Esse perverso caminho, da democracia ao fascismo, linear, organizado não por movimentos externos, mas pelas mesmas instituições do poder constitucional, pela conformação dos órgãos de controle (da magistratura em particular) às linhas da extrema direita, é o desvelamento de um projeto coerente que atravessa as instituições, destruindo todos os elos e incidindo, sobre novas conformações, nas figuras formais da Constituição e na materialidade de sua direção política garantida pelo processo de legitimidade eleitoral, e assim dissipando qualquer caráter ético do princípio democrático: tudo isso impõe, quando e se a indignação diminuir, uma reflexão sobre o tema da democracia.

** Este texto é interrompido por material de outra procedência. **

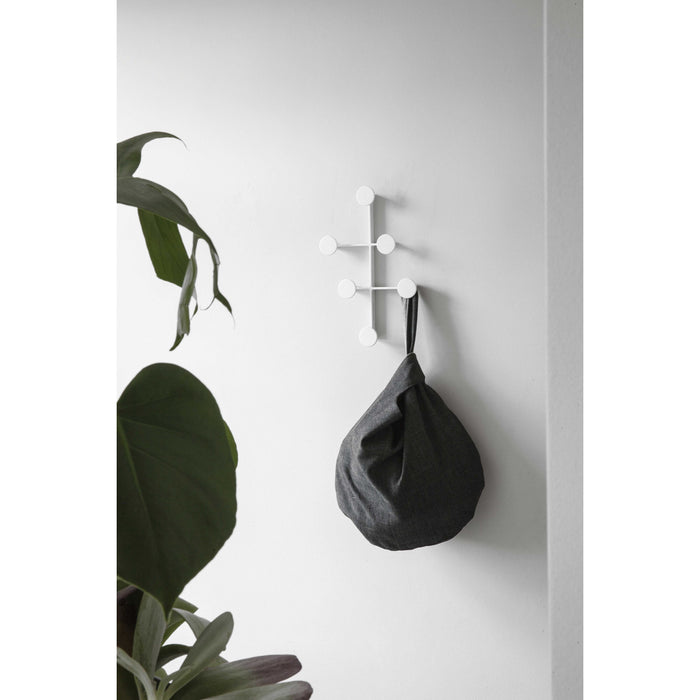 Audo Copenhagen Afteroom wandkapstok medium zwart|messing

Mas isto não é suficiente. O fascio-populismo de Trump-Bolsonaro comete mais um estupro da democracia. A “democracia direta” é aqui assumida, de maneira massificada e mistificada, por estas lideranças fascistas, e subvertida pelo “modo de governo” na sua “figura de legitimidade”. Os tweets de Trump representam esta derrubada. As mídias social e institucional agora se debruçam voluntariamente sobre esta função de legitimação. Pode-se também adicionar (e a literatura sobre este assunto é vasta) que a produzem – ou pelo menos tornam isso possível. Quando a indignação tiver diminuído deveremos ainda colocar o problema da “liberdade de expressão” atrelada ao poder. É o primeiro dos problemas que um movimento de resistência, sob a bandeira de “livros, e não armas” (como agora começa a se dizer no Brasil) deverá se pôr, porque antes de tudo ele deverá libertar a “liberdade de expressão”. Certo que a contradição entre liberdade de expressão (protegida constitucionalmente) e o dinheiro (=propriedade, =corrupção, =uso criminoso de informações falsas pela grande mídia) parece insolúvel.
Um problema geral
Nos EUA, um processo semelhante ao brasileiro está em andamento. A solidez democrática e o valor da Constituição daquele país impedem, por enquanto, que o processo de transformação tenha os aspectos perversos e por vezes grotescos que se passam no Brasil. Nos EUA, a presença das forças de oposição ainda pode bloquear (e, em todo caso, tornar incerta) a realização de uma tendência como a brasileira. Isso não significa, todavia, que um processo de consolidação reacionária esteja em curso. Detecta-se o pesado deslocamento do Partido Republicano para o “núcleo duro” trumpiano (e, por trás disso, a supremacia alt-right), a direção de vinte anos da Suprema Corte em posições ultraconservadoras, a realização de colossais operações financeiras para controle midiático do voto etc.. De uma maneira muito mais frágil, mas com acelerações por vezes velozes, processos análogos também estão ocorrendo na Itália. Contudo, o horizonte populista se alarga na Europa e na América latina. Esta extensão aprofunda dramaticamente o problema acima colocado: como o fascismo se estabelece nas/através das instituições democráticas? E, em segundo lugar, o que é esta insurgência fascistizante?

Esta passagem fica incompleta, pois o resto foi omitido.